Beta-catenin is a structural protein that forms part of the extended cadherin complex and also functions as a signaling molecule in the Wnt pathway. It is an 88 kDa protein that is mostly composed of "armadillo repeat domain" copies. Each domain is approximately 42 amino acids long and contains two alpha helices separated by a hairpin. Beta-catenin contains 12 copies of this domain, forming an alpha helix "supersolenoid" structure that contains a large, positively-charged groove that is well-adapted for protein-protein binding. This binding is regulated via phosphorylation; for instance, phosphorylation at the S552 residue by AKT promotes binding to transcription factors.
Adherens junctions often appear as broad bands that completely encircle epithelial cells. In this form, they are called belt desmosomes and are commonly seen in tissues that closely regulate the flow of nutrient and waste molecules, such as the epithelial cells lining the small intestine. Beta-catenin forms an important part of these junctions, where it comprises part of the protein complex between E-cadherin and the actin cytoskeleton. The cell's cadherin proteins bind to cadherins in adjascent cells. Thus, beta-catenin is a crucial component in a juncture that physically links the cytoskeletons of neighboring cells, allowing for the close regulation of molecular transport across a thin tissue layer.
Beta-catenin also acts as a signaling molecule within the Wnt signaling pathway. This pathway is especially important during embryogenesis, where it is responsible for axial development and the development of the dorsal neural tube. Dysregulation of this pathway is associated with exposure to carcinogens. Through this pathway, beta-catenin acts as a transcription factor. Outside of the adherens junction, beta-catenin binds to a "destruction complex" that results in its ubiquitination and rapid degradation. Upon activation of the Wnt pathway, this complex is inhibited and beta-catenin translocates to the nucleus, where it binds with TCF/LEF family transcription factors to alter gene expression. Through this pathway, beta-catenin has the potential to substantially alter cellular function.

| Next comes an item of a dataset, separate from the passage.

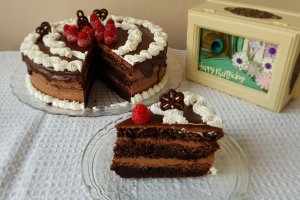 Desert tort cu crema de ciocolata si gem de zmeura - reteta nr. 900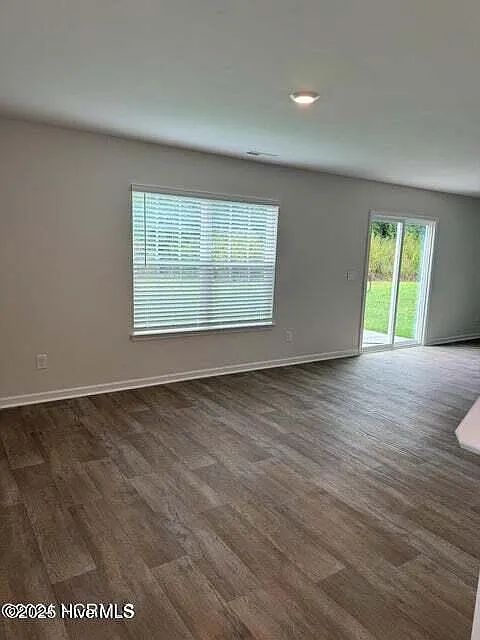 4 bed, 2.5 bath, 2164 sqft, $2,100 — Photo 4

The visualization of this protein using a beta-catenin antibody is useful for both diagnostic and research purposes. Due to its role as a gene regulator, beta-catenin is considered to be an oncogene. It binds to the APC protein, a regulator of cell cycle. Mutations and dysregulations of the beta-catenin/APC interaction are often seen in individuals susceptible to colorectal and ovarian cancers. Its transcriptional activity is controlled by phosphorylation at S552 by AKT. This phosphorylation causes the release of beta-catenin from the adherens complex and leads to a buildup of the protein in both the cytosol and the nucleus. Beta-catenin is most commonly visualized via immunofluorescence using a beta-catenin antibody and an appropriate secondary antibody, though DAB staining is also common for diagnostic purposes.
In cells without Wnt pathway activity, beta-catenin is seen largely at the cell periphery, where it expresses at the adherens junction but not the interior of the cell, where it rapidly undergoes proteolysis. Activation of the Wnt pathway or pharmacological intervention, such as via GSK3 inhibition, results in the rapid dispersal of beta-catenin into the cytosol, with especially high concentrations seen in the nucleus if AKT is also present. However, if the S33 and S37 residues are phosphorylated, as occurs in the destruction complex, the protein is degraded and little expression is seen outside of whatever remains at the adherens. Visualization using a beta-catenin antibody can therefore determine the functional and phosphorylation states of the protein. This can be further confirmed via antibodies that are specific to the various beta-catenin phosphorylation states.